*** Opening of ENTRIES PROVIDED ***

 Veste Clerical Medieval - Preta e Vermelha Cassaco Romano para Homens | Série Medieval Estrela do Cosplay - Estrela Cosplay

*** Close of ENTRIES PROVIDED ***
*** Opening of ENTRIES PROVIDED ***

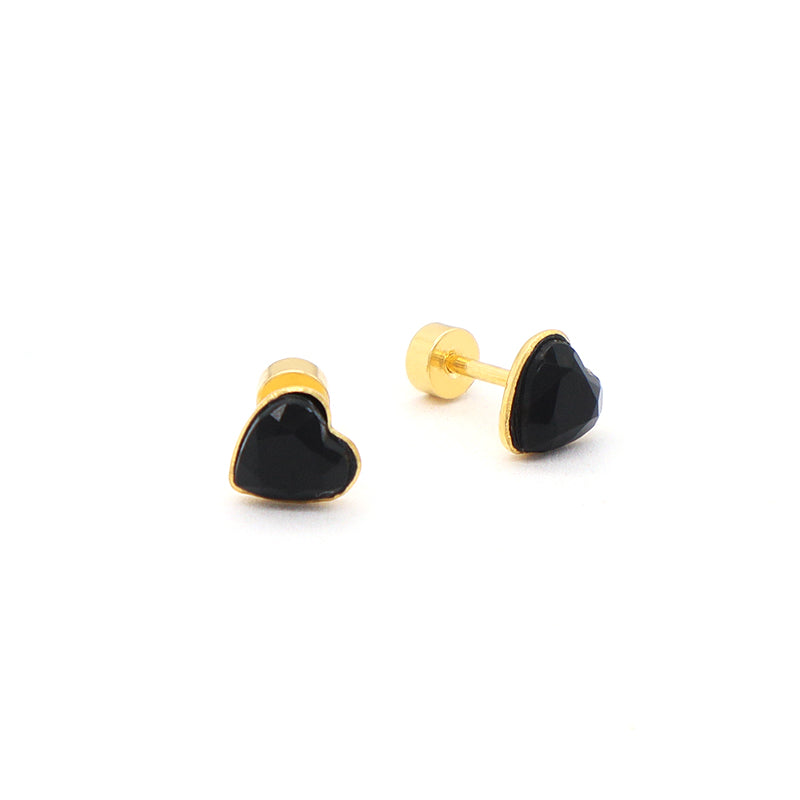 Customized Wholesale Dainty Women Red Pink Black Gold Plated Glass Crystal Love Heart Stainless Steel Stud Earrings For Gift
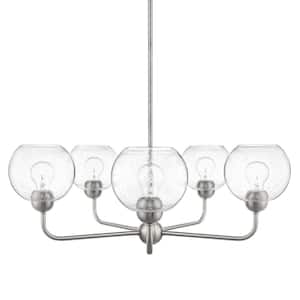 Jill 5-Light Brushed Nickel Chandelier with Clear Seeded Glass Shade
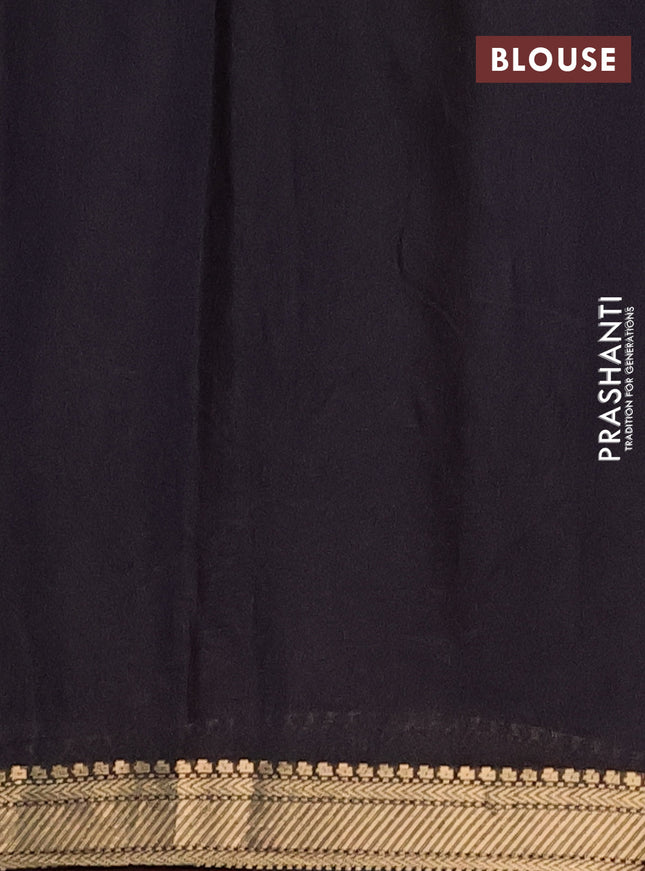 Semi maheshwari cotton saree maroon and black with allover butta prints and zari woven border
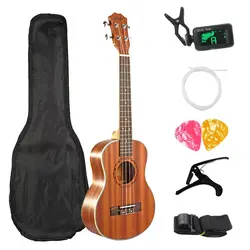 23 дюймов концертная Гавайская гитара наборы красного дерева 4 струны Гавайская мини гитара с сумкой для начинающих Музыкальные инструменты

*** Close of ENTRIES PROVIDED ***

§ **WHAT IS BEING ASKED**
From the records above, give again only the part that opens with the line containing "Semi maheshwari cotton" and closes with the line containing "23 дюймов концертная". Keep both ends but drop the pictures.

§ **TASK RESULT**
 Semi maheshwari cotton saree maroon and black with allover butta prints and zari woven border
 23 дюймов концертная Гавайская гитара наборы красного дерева 4 струны Гавайская мини гитара с сумкой для начинающих Музыкальные инструменты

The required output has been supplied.